Have Dealers' Strategies in the GCF Repo© Market Changed?



In a previous post, “Mapping and Sizing the U.S. Repo Market,” our colleagues described the structure of the U.S. repurchase agreement (repo) market. In this post, we consider whether recent regulatory changes have changed the behavior of securities broker-dealers, who play a significant role in repo markets. We focus on the General Collateral Finance (GCF) Repo market, an interdealer market primarily using U.S. Treasury and agency securities as collateral. We find that some dealers use GCF Repo as a substantial source of funding for their inventories, while others primarily use GCF Repo to fine-tune their repo positions. Recent regulatory changes, such as the supplementary leverage ratio (SLR), may be contributing to reduced lending in the GCF Repo market.

The GCF Repo Market
A repurchase agreement (repo) is effectively a collateralized loan, structured as a paired sale and future repurchase of securities at specified dates and prices. In a general collateral repo, a cash borrower settles a transaction by providing as collateral any security that meets the criteria of a relatively broad collateral class, such as Treasury securities.

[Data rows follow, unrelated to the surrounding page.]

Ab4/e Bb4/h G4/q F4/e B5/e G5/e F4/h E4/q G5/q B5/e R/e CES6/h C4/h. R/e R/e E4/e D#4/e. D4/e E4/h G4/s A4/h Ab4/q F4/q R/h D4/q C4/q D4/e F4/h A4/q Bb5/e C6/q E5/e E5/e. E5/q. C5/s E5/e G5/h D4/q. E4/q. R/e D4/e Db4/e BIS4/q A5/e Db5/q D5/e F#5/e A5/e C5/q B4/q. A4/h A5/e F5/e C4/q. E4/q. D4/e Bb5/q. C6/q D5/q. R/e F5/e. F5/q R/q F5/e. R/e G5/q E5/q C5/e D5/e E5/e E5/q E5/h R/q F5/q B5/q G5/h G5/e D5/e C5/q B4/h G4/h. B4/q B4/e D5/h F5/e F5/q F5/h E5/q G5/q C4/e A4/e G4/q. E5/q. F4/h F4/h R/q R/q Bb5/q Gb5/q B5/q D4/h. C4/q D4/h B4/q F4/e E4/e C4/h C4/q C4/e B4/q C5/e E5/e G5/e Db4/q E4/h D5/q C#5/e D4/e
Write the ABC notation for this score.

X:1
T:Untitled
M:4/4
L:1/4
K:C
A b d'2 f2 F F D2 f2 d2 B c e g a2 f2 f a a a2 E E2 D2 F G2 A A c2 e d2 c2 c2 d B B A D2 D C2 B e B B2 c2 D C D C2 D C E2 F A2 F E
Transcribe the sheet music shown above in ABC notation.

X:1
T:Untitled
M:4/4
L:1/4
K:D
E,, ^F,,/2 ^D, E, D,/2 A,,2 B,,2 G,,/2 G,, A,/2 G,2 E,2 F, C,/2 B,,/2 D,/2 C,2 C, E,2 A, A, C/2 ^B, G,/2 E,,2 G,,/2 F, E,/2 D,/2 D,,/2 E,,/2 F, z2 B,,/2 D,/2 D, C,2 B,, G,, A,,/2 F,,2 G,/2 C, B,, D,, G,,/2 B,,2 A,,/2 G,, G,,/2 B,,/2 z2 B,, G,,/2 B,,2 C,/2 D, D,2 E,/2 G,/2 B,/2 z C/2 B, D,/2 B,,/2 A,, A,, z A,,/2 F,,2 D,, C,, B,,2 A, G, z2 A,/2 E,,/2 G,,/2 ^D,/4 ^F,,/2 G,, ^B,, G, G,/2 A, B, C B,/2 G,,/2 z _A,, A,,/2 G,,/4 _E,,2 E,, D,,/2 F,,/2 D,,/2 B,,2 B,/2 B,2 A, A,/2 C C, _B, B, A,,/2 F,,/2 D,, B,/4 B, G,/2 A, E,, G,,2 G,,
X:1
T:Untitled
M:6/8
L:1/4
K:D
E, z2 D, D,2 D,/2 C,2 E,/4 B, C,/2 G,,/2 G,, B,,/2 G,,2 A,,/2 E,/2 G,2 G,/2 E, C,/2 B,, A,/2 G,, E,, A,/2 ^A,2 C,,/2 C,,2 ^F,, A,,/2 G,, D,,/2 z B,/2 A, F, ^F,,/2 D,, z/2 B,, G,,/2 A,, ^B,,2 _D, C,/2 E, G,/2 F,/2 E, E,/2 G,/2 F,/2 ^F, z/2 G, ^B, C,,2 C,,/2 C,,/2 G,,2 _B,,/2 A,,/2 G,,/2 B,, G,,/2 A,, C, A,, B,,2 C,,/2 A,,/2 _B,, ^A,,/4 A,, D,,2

GCF Repo is a service provided by the Fixed Income Clearing Corporation (FICC). It was introduced in 1998 by FICC and the two clearing banks Bank of New York Mellon and JPMorgan Chase to reduce transaction costs and enhance liquidity in the interdealer repo market. FICC serves as the counterparty to all trades. The market is blind-brokered so the cash lender and borrower do not know each other’s identity. Netting members of FICC’s government securities division are eligible to participate in GCF Repo.

The GCF Repo market is perceived as an attractive source of funding for dealers who may lack stable access to cash lenders in the broader repo market. Additionally, some members reportedly find GCF Repo useful as a way to manage liquidity, take positions, or “fine-tune” positions due to unexpected flows throughout the day. The overall daily size of the GCF Repo market is about $460 billion on average over our sample period from March 2011 to December 2014.

BHC-affiliated dealers lend to non-BHC dealers
To understand the flows of cash in GCF Repo and how they have changed, we follow Adam Copeland, Isaac Davis, and Antoine Martin’s “An Empirical Analysis of the GCF Repo Service,” forthcoming in Economic Policy Review. For each dealer on each day, we calculate the net cash position as the difference between their repo lending (reverse repo) and repo borrowing to determine whether they are net cash lenders or borrowers in the GCF Repo market. A positive net cash position implies that the dealer is receiving cash across all collateral classes, and a negative net cash position implies that the dealer is lending cash. We classify dealers into three groups: dealers affiliated with a large bank holding company (BHC) (more than $500 billion in assets); dealers affiliated with a small BHC (less than $500 billion in assets); and dealers who are not part of a BHC. Below we plot the monthly average net cash position for each group.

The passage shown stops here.